Description of the task: Return exactly, please, the line that contains "Crocodile partially submerged" and every line after it through the end of the material that follows, leaving pictures aside.

Supplied information:
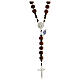 Rosary of 925 silver with cylindrical wood beads of 7 mm, Chi-Rho medal and Saint Benedict cross s1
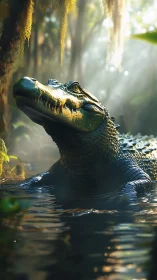 Crocodile partially submerged in sunlit forest waterway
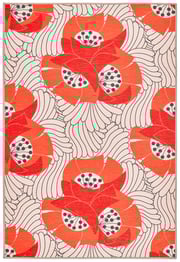 Japanese Poppy Machine Washable Rug | Multi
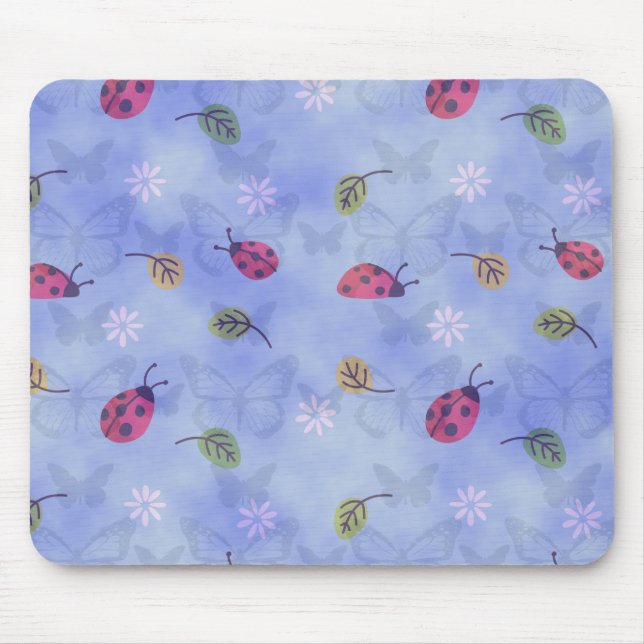 Ladybugs Flowers and Leaves Mouse Pad (Front)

Result of the task:
 Crocodile partially submerged in sunlit forest waterway
 Japanese Poppy Machine Washable Rug | Multi
 Ladybugs Flowers and Leaves Mouse Pad (Front)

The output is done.